Force, Momentum and Impulse

This topic is part of the HSC Physics course under the section Momentum, Energy and Simple Systems.

HSC Physics Syllabus

  • evaluate the effects of forces involved in collisions and other interactions, and analyse quantitatively the interactions using the concept of impulse `Δp=F_{net}Δt` 

Force, Momentum and Impulse 

Force and Momentum

Force, by Newton's second law, is given by:

$$F = m \times a$$

Acceleration is the rate of change of velocity:

$$a = \frac{\Delta v}{\Delta t}$$

$$F = m \times \frac{\Delta v}{\Delta t}$$

Momentum is mass times velocity:

$$p = m \times v$$

The rate of change of momentum:

$$\frac{\Delta p}{\Delta t} = m \times \frac{\Delta v}{\Delta t}$$

Therefore, force is the rate of change of momentum:

$$F = \frac{\Delta p}{\Delta t}$$

Momentum vs Time Graph

The gradient of a line on a momentum vs time graph represents the rate of change of momentum. Therefore, the gradient in this case represents force.

 momentum vs time graph


For example, the straight line on the graph above suggests that a constant force acts on the mass. 

What is Impulse?

Impulse (I): Impulse is the change in an object's momentum, and it's equal to the product of force (F) and the time (t) during which it acts. Impulse is also a vector quantity, and its direction is the same as the force.

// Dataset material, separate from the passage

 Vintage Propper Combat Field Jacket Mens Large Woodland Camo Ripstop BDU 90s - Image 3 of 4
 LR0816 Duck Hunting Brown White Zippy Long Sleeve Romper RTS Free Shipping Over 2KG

The equation for impulse is:

$$I = \Delta p$$

From the equation for force in terms of p and t, we can derive another equation for impulse:

$$I = F\Delta t$$

The unit for impulse is the same as momentum (kg m s-1) or the product of units of force and time (N s)

Example 1

A 100 kg mass at rest is acted upon by a 500 N net force to the right as shown for 2.5 seconds.

What is the impulse of the force and the final velocity of the mass?

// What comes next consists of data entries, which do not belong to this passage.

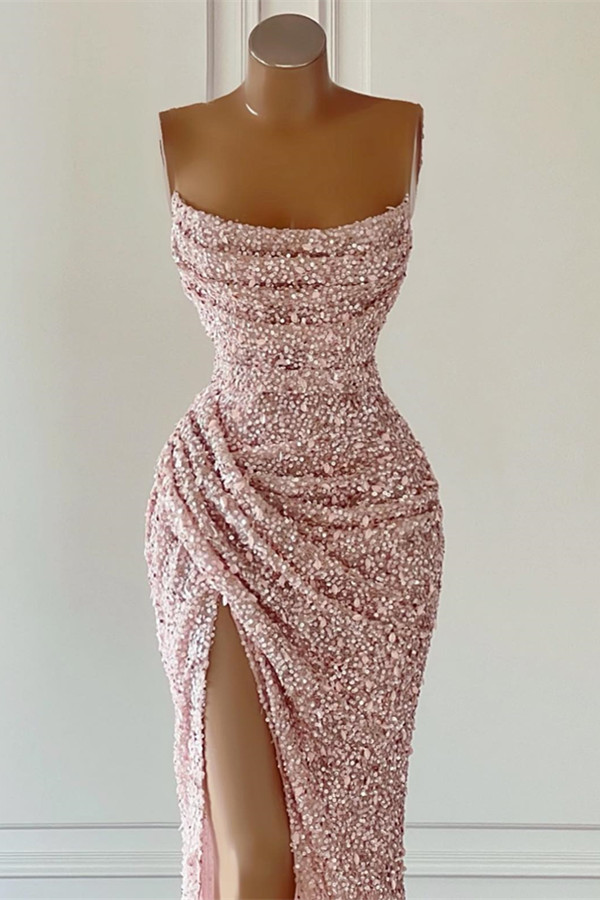 Bellasprom Strapless Sequins Mermaid Prom Dress Long With Slit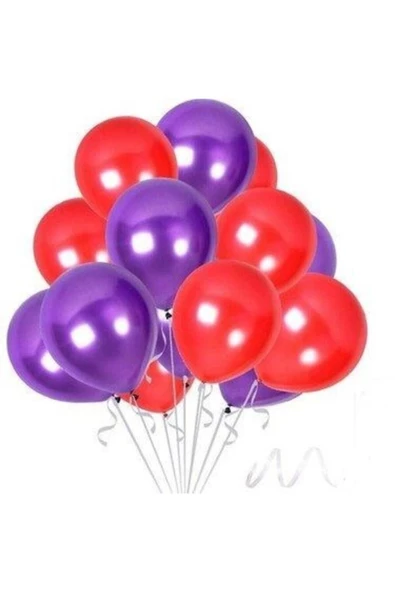 Pazariz 35 Adet Metalik Sedefli Mor, Kırmızı Balon-uçan- Balon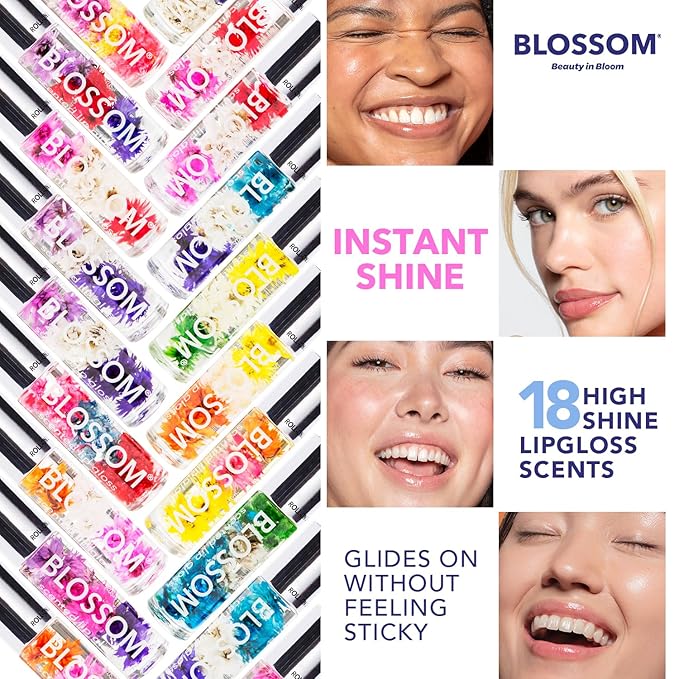 Blossom Scented Roll on Lip Gloss + Rollerball Perfume, Infused with Real Flowers, Made in USA, 0.4 fl. oz./11.8ml, 2 pack Gift Set, Let Love Shine, Strawberry/Rose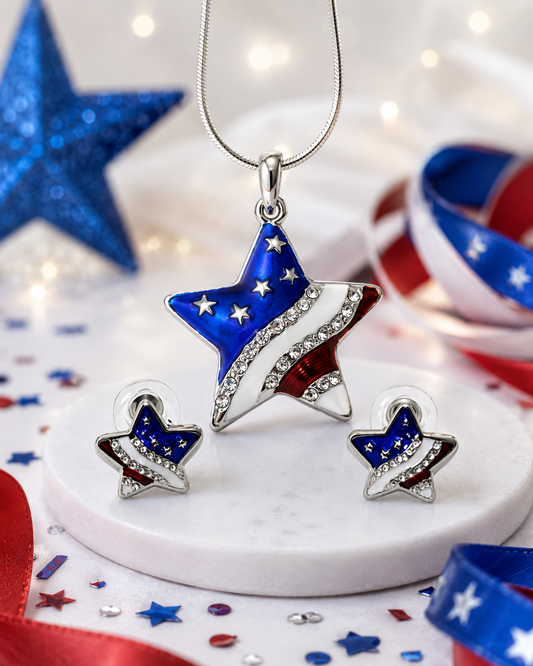 Rhinestone USA Flag Stars Pendant Patriotic Heart Pendant Necklace & Post Heart Earrings Set, Crystal Star Pendant, Star Earrings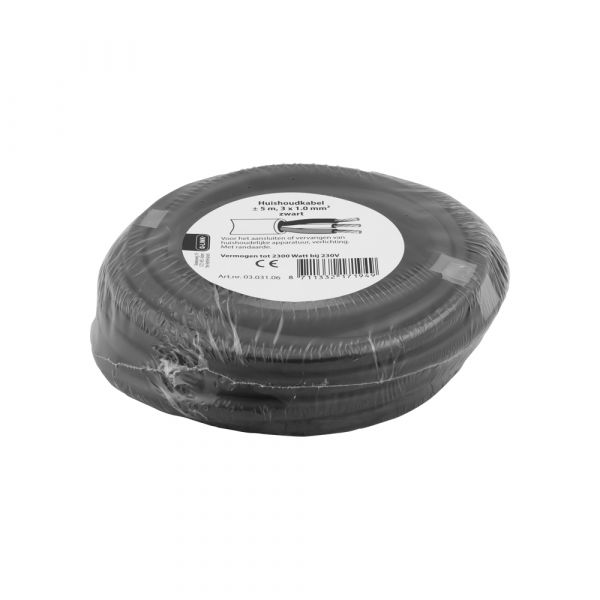 Haushaltskabel 3x1.0 Black 5 Meter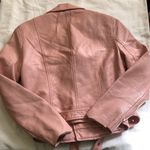 ZARA Pink faux leather jacket silver hardware belted. #Fairygrunge  #biker #skater Photo 2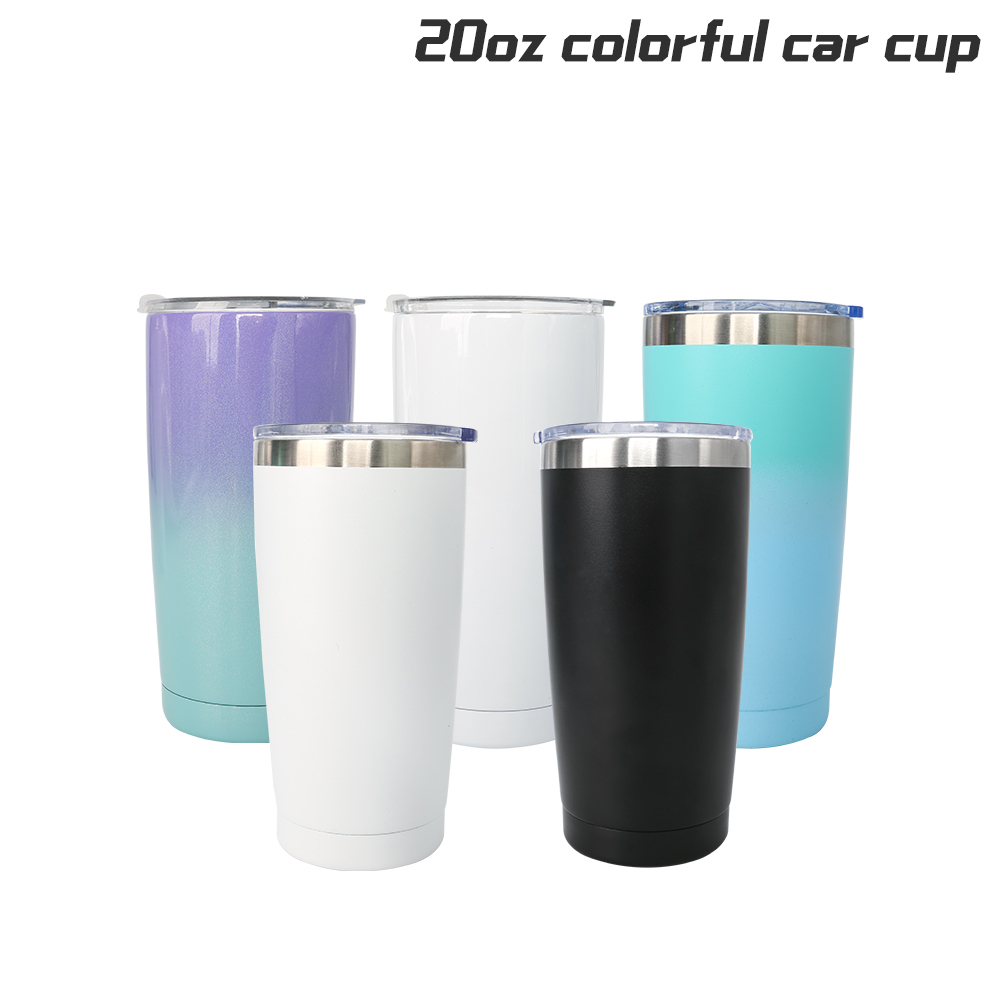 25 Pack 20oz Sublimation Car Cup Colorful Straight Tumbler Blanks with Plastic Straws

First, we can calculate impulse:

$$I = F \times t$$

$$I = (500)(2.5) = 1250 \, \text{N s to the right}$$

Consider impulse as the change in momentum:

$$I = \Delta p$$

Since the mass was at rest, its initial momentum was zero:

$$I = mv$$

$$1250 = (100)v$$

$$v = 12.5 \, m \, s^{-1}$$

Example 2

An 800 kg car moving at 30 m s–1 collides with a wall. The collision causes the car to come to an abrupt stop in 0.25 s.

What magnitude of force does the wall exert on the car during the collision?

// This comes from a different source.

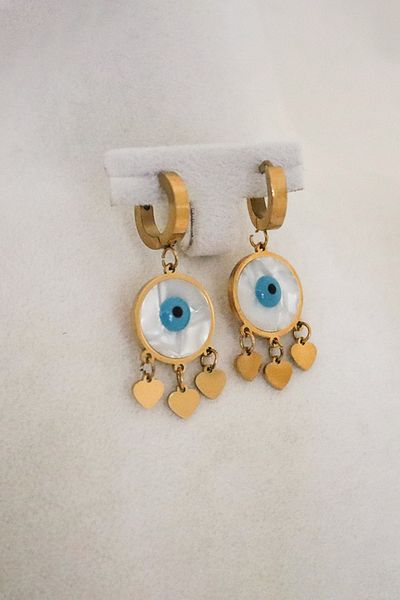 EUROMODA Pearlescent Gold and Silver Plated Steel Pendant Earrings with Heart Figured Evil Eye Design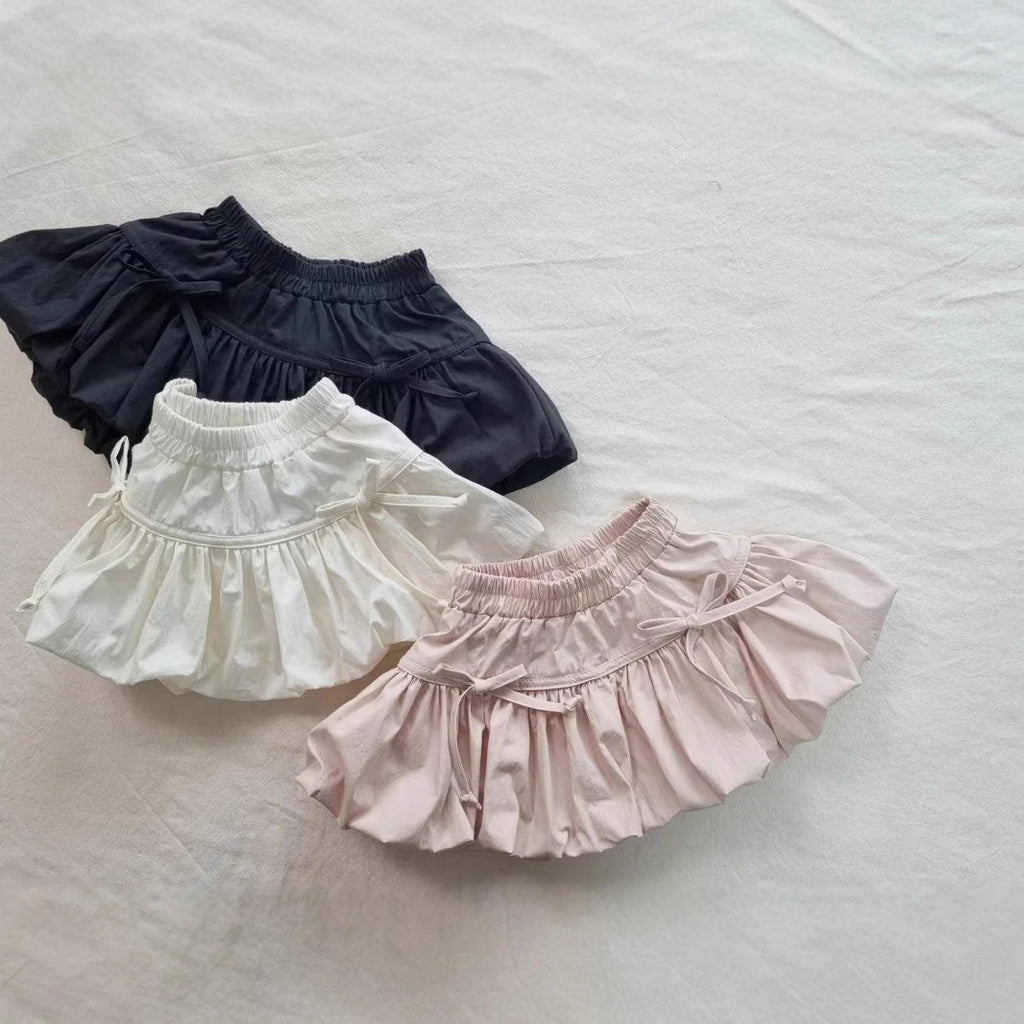 Korean Style Girls Mini Skirt with Ruffles for Summer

Consider the change in momentum (impulse) in terms of force and time:

$$\Delta p = F \times t$$

$$mv - mu = F \times t$$

$$(800)(0) - (800)(30) = F(0.25)$$

$$F = - 9.6 \times 10^4 \, N$$

Example 3

A 0.5 kg ball moving at 3 m s–1 on a frictionless surface collides with a vertical wall as shown. The wall exerts an average force of 120 N on the ball for a duration of 20 ms.

(a) What is the final speed of the ball?

(b) How much mechanical energy was lost during the collision?

Solution to part (a):

Consider the change in momentum as the product of force and time:

$$mv - mu = F \times t$$

Let vectors directed to the right be positive (and left to be negative). When the ball collides with the wall, the wall exerts a force on the ball to the left. 

$$(0.5)v - (0.5)(3) = (-120)(20 \times 10^{-3})$$

$$v = -1.8 \, m \, s^{-1}$$


Solution to part (b):

Mechanical energy is given by the sum of a mass' kinetic and potential energy. In this case, there is no changes in potential energy.

$$\text{initial kinetic energy} = \frac{1}{2}mu^2 = \frac{1}{2}(0.5)(3)^2$$

$$\text{initial kinetic energy} = 2.25 \, \text{Joules}$$

$$\text{final kinetic energy} = \frac{1}{2}(0.5)(-1.8)^2$$

$$\text{final kinetic energy} = 0.81 \, \text{Joules}$$ 

$$\text{mechanical energy lost} = 0.81 - 2.25 = -1.44 \, \text{Joules}$$

Therefore, 1.44 J of kinetic energy has been transformed to another form e.g. heat during the collision.